PROVIDED RECORDS Start Marker
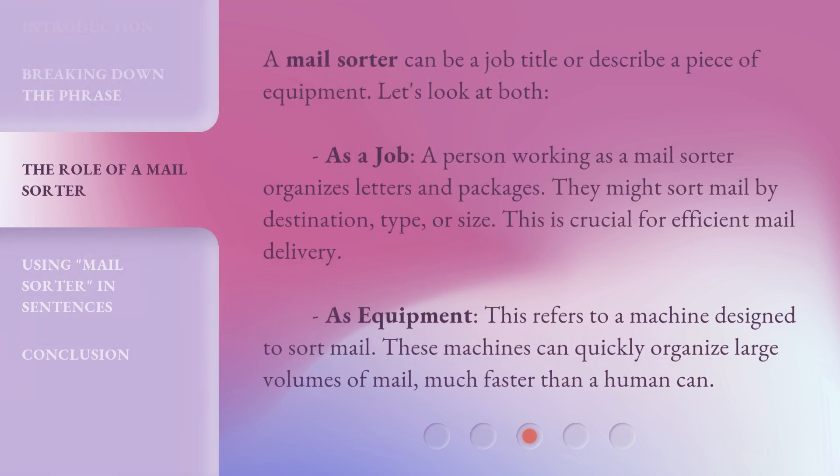A mail sorter can be a job title or describe a piece of equipment. Let's look at both. As a job, a person working as a mail sorter organizes letters and packages. They might sort mail by destination, type, or size — this is crucial for efficient mail delivery. As equipment, this refers to a machine designed to sort mail. These machines can quickly organize large volumes of mail, much faster than a human can.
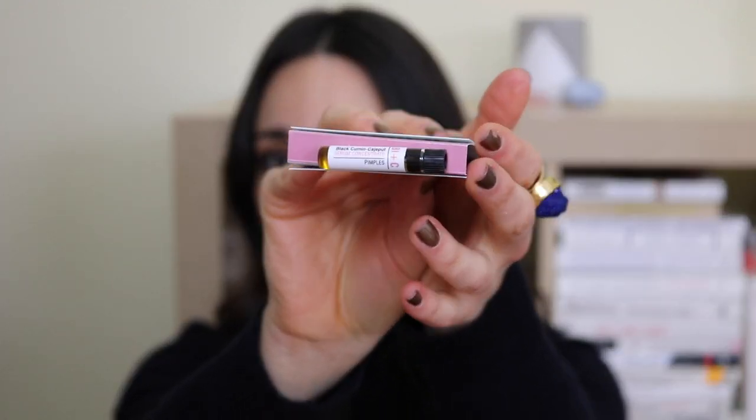They also threw in one of these little Audacity boosters — this is the Black Cumin cashput serum concentrate, I think it's for pimples. This will probably go in my giveaway bag. Speaking of which, I have two big bags full of products: things that are older I'm not using or disappointing products, and then giveaway products for friends. I've been going through a big overhaul, as you can tell.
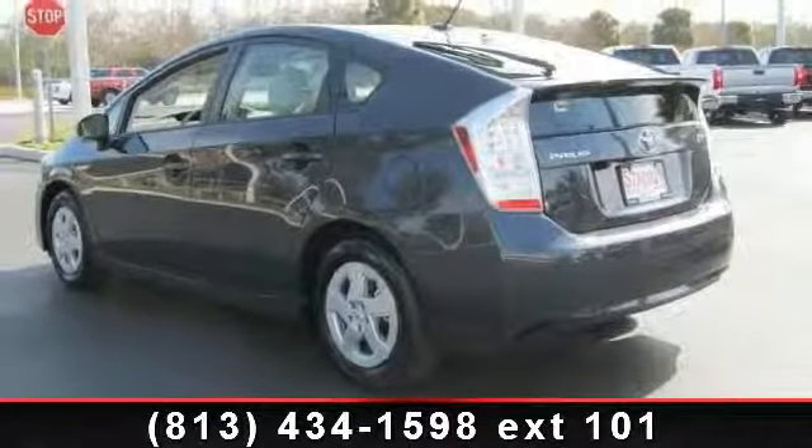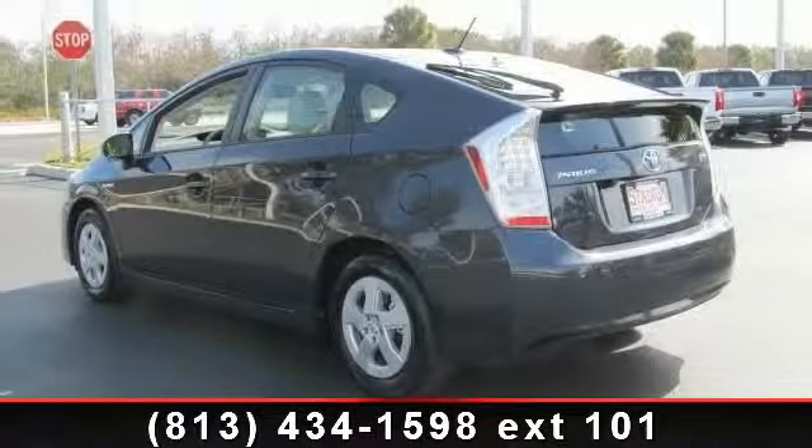Let us put you in the driver's seat today. Call or click to contact our dealership.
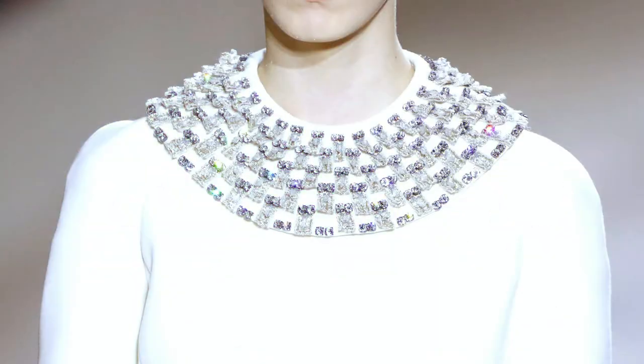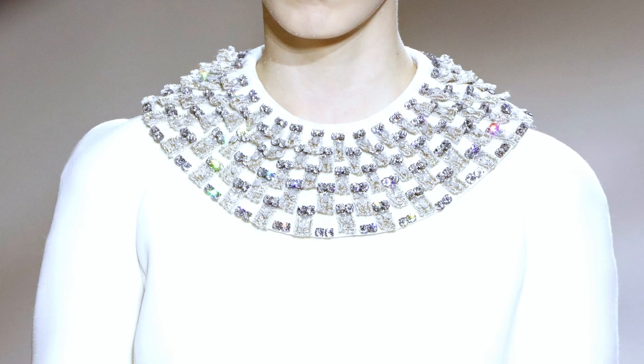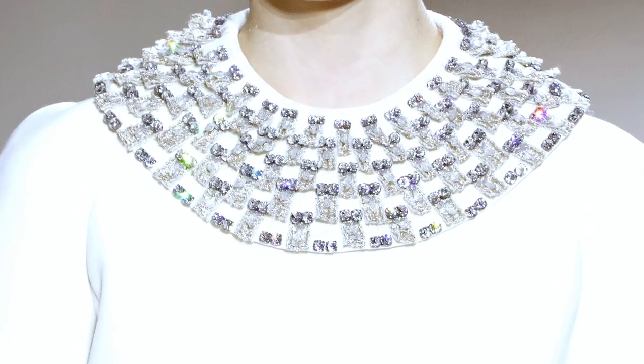This Dior Haute Couture look is also simple and not too loud, in this beautiful cream color. But the crystals and the little details make it so special and luxurious that it is very wearable. I can imagine that a lot of rich women would love to wear this look for a charity lunch event.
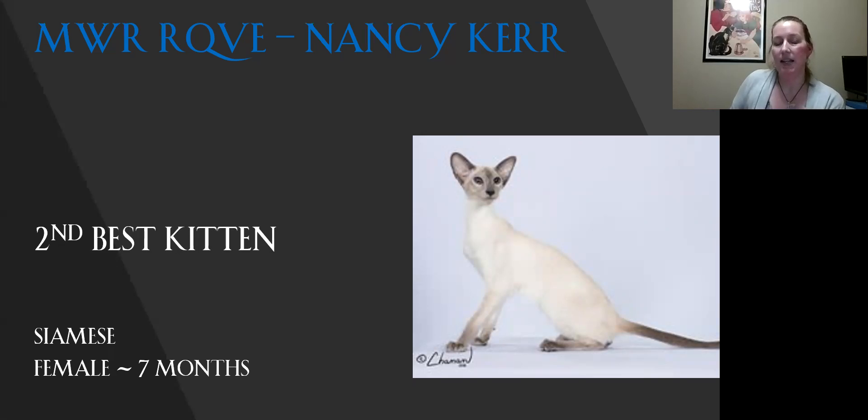My second best kitten is my Siamese. Phenomenal body on this girl — when you look at her, you just know that if you pick her up and stretch her, there is not going to be any fat on her. She's just that lean tubular shape that you want. Great wedge which flows into her ears; the eye shape complements the whole entire head. In other pictures you can see the lovely straight profile. This is a lovely example of the breed and my second best kitten.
PROVIDED RECORDS End Marker
ASSIGNMENT: Could you write out, word for word, the lines from the one containing "This Dior Haute" through the last line of the records, leaving out the pictures?

COMPLETED EXERCISE:
This Dior Haute Couture look is also simple and not too loud, in this beautiful cream color. But the crystals and the little details make it so special and luxurious that it is very wearable. I can imagine that a lot of rich women would love to wear this look for a charity lunch event.
My second best kitten is my Siamese. Phenomenal body on this girl — when you look at her, you just know that if you pick her up and stretch her, there is not going to be any fat on her. She's just that lean tubular shape that you want. Great wedge which flows into her ears; the eye shape complements the whole entire head. In other pictures you can see the lovely straight profile. This is a lovely example of the breed and my second best kitten.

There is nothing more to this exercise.